Their movie was initially intended to be released online with a sponsorship deal that McArdle was pursuing with Russian Standard Vodka, via the UK brand agency London Collective, with the intent to use Factory 293 as branded content, which would have opened it up to a huge international audience. "Unfortunately, when the Ukraine crises exploded Russian Standard suspended all marketing activity while assessing the fallout." explains McArdle, a British-trained specialist in digital media whose overseas experience is proving invaluable for MacKay and other local filmmakers.

The loss of the online arrangement has freed up MacKay and McArdle to screen Factory 293 at festivals, beginning with a series of showings at the Revelation Film Festival as part of a shorts package dubbed Slipstream Quartet.

MacKay, McArdle and leading man Pollard will also take part in a panel discussion during Rev called World Building, in which the trio will reveal the secrets of how they managed to transform the sprawling Midland Railway Workshops into a startling facsimile of Soviet Russia on a shoestring budget of $100,000.
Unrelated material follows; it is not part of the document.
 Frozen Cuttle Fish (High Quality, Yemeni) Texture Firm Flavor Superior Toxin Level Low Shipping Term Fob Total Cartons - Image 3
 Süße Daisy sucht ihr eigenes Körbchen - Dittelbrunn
MacKay describes the experience of creating wartime Russian in the suburbs of Perth as "a sheer joy and the most terrifying things I have ever done".

"In part, the project was designed to give our supremely talented DOP (director of photography) and digital visual effects artist Andy Gordon a big canvas to demonstrate his capabilities but the same could be said for all our department heads," MacKay explains.
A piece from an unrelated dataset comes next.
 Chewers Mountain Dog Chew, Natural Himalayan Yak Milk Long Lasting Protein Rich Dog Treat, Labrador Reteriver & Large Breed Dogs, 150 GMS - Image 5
"To my knowledge nothing like this has ever been done in Western Australia, so it was an experiment. Everyone rose to the challenge and I can't wait to tackle another project with the team."

MacKay and McArdle are now using Factory 293 to leverage their first feature- length film, The Interior, an action/ adventure set in the 1890s WA gold rush.

Co-written by the Factory 293 team of MacKay and Stephen Lloyd with support from ScreenWest, The Interior is about a secret gold-finding expedition led by the Goldfields' most famous resident, future US president Herbert Hoover, that sheds light on the little-known story of the Afghan cameleers, the unsung pioneers of Australia's inland development.

The film's website (theinteriormovie.com) features a video narrated by Emeritus Professor Geoffrey Bolton in which the esteemed WA academic summarises the key historic elements that MacKay and Lloyd have woven into the story, along with the imagery of stunning Goldfields landscape that will be the film's setting.

McArdle is currently in talks with British actors Jude Law and Paul Kaye (of Game of Thrones fame) as well as their Factory 293 star Pollard (Drift) and are hopeful of forming an alliance with veteran producer Charles Steel (The Last King of Scotland).

MacKay and McArdle believe that The Interior's mix of a tightly focused story - they say it is almost a genre film - set against an enthralling period of our history and the harshly beautiful landscape make it an attractive investment for those who've made their millions during the recent mining boom.

"This is their (the miners') legacy story. It is the whole reason why Perth exists. The last mining film, if you exclude Red Dog, which only used mining as a backdrop, was The Nickel Queen, which was made in 1971. It is high time for another movie that tells WA's most significant story," McArdle says.